→ What you should do
In the listing that follows, find the line with "COLAS MIRACLE WOMAN 6UND NEON", then copy exactly from it through the line with "Familienfreundlicher Neubau: modern", leaving out every picture.

→ Dataset records
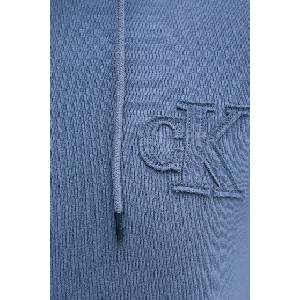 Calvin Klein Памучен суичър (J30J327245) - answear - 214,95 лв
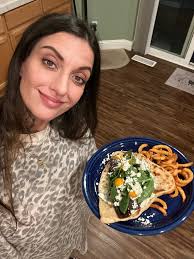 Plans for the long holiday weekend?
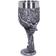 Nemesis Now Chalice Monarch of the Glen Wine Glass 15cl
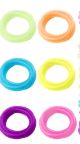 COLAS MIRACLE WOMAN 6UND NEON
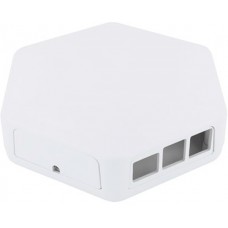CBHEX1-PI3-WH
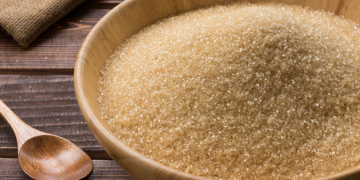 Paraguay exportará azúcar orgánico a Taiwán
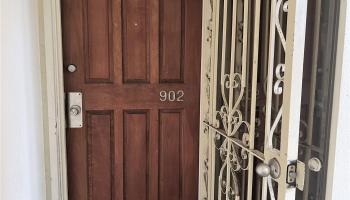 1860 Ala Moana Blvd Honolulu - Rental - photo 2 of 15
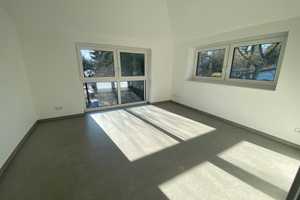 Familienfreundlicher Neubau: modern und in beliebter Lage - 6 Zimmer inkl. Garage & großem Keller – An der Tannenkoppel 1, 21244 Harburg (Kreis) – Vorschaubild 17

...

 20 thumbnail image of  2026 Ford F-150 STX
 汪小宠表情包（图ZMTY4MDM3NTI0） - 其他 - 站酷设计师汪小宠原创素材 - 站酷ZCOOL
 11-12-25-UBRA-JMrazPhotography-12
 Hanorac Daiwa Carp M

* * *

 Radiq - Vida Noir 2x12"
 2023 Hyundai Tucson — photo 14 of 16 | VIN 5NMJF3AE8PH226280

→ Written response
 COLAS MIRACLE WOMAN 6UND NEON
CBHEX1-PI3-WH
 Paraguay exportará azúcar orgánico a Taiwán
 1860 Ala Moana Blvd Honolulu - Rental - photo 2 of 15
 Familienfreundlicher Neubau: modern und in beliebter Lage - 6 Zimmer inkl. Garage & großem Keller – An der Tannenkoppel 1, 21244 Harburg (Kreis) – Vorschaubild 17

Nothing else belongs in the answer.